Am meisten irritiert mich aber die kritiklose Hinnahme des Gesellschaftsbildes, das Nietzsche in die Welt setzt. Es ist zwar wichtig, zuerst zu verstehen, was Nietzsche sagen will. Aber warum kam am 6. Juli danach so gut wie kein Aufschrei!! Warum diese schweigende Hinnahme dieses Gesellschaftsbildes? Findet ihr es etwa „richtig“?

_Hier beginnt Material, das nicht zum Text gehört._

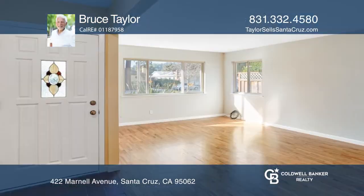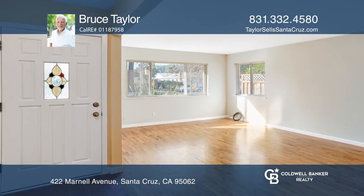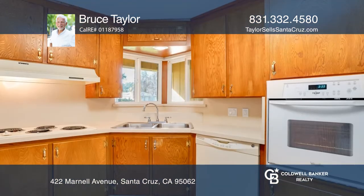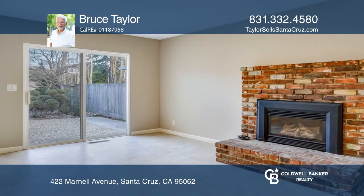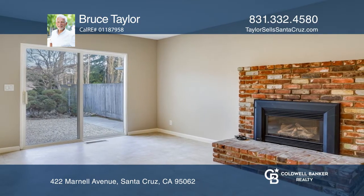This single-level ranch home has three bedrooms, two full bathrooms, and features an airy front room with beautiful hardwood floors and windows for lots of light. Cook in the kitchen that offers an abundance of cabinets and overlooks a cozy fireplace.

Anbei nun eine kleine Zusammenstellung: , um nachvollziehbar zu machen, warum ich Nietzsches Genealogie der Moral nicht nur ablehne:

Sie ekelt mich im tiefsten Grunde meines verhausthierten Herzens an.

Wolfgang

Eine Antwort auf „Nietzsches Gesellschaftsbild“

  1. Lieber Wolfgang, ich habe zwar nicht an der Veranstaltung teilgenommen, möchte aber dennoch auf deinen Beitrag reagieren. Dies vor allem, weil er so stark im den Gestus der Empörung und des Ekels verankert ist.
    Ich kann deine Argumente sehr gut nachvollziehen. Dennoch ist Nietzsche vielleicht besser zu verstehen, wenn die Hintergründe seines Denkens klarer sind.
    Er war ja selber ein körperlich schwacher Mensch, von Krankheiten aller Art und am Ende von Wahnsinn gezeichnet. Er hat sicher sehr stark empfunden, dass die ritterlichen Aristokraten ihn bedenkenlos ausgelöscht hätten, wäre er ihnen in die Quere geraten. Er selber ist einer jener moralisierenden Intellektuellen, die ihre körperliche Schwäche in argumentative und moralisch manipulierende Stärke gegen jene brutalen aristokratischen Raubtiere wenden, und zwar erfolgreich!
    Jan und ich waren ja in Sils Maria, und diese schroffe und gigantische Landschaft hat Nietzsches Denken geprägt. Nur ein körperlich gesunder und seinen Kräften ohne die „Störfelder“ moralischer Bedenken vertrauen könnender Mensch würde allein in diesen Gegenden überleben. Vielleicht hätte das nicht einmal ein Cesare Borgia geschafft, den er so verehrte.
    Ausgangspunkt seines Denkens ist sicher seine eigene körperliche Verwundbarkeit. Politik wird in archaischen Staaten von anderen Geschöpfen gemacht, jenen, die diese Verwundbarkeit nicht haben. Sie formen Reiche und üben Macht aus. Ob das gut oder schlecht ist, ist eine andere Frage, zumal die Erfindung dieser Kategorien ja gerade auf das Konto der Klasse der körperlich Schwachen, aber geistig Überlegenen geht. Was Nietzsche sagt ist, dass diese intellektuell-moralische Waffe viel stärker ist als die eines ursprünglichen Verhaltens jenseits von Moral! Sozusagen von hinten durch die kalte Küche (so empfindet es Nietzsche) hat die Moral einen Siegeszug angetreten und lenkt auf ihre Weise die Geschicke der modernen Gesellschaft. Was er der Moral vorwirft? Ihre List und Verschlagenheit, ihre Klugheit letztendlich. Denn diese Klugheit bringt die Adler zur Strecke, die keine Falschheit und kein Gewissen kennen, dafür aber das Potential haben, im Augenblick zu sein und ihn ohne Skrupel nach der Art ihrer Natur zu leben. Das ist eben auch eine Stärke, wenn auch nicht die, die die Moral aufs Treppchen hebt.
    Wer also ist der „bessere“ Kämpfer, die Moral und Klugheit oder die archaische Ursprünglichkeit?
    Ich möchte daran erinnern, dass der Lektürekurs ein philosophisches Seminar ist. Der anklagende Gestus, dass kein Aufschrei durch die Reihen ging, und die Teilnehmer nicht würgend der Lektüre folgten, erklärt alle außer dich zu Leuten, die sich jetzt schlecht fühlen müssen, die moralisch versagt haben! Genau das meint Nietzsche! Das ist die moralische Keule, die auf ganz spezielle Weise Macht ausübt. Insofern würde ich dafür plädieren, auf dem Teppich und sachlich zu bleiben. Nietzsches Gedanken sind Philosophie und es sollte doch die Gedankenfreiheit herrschen, sie einfach nur zu bedenken.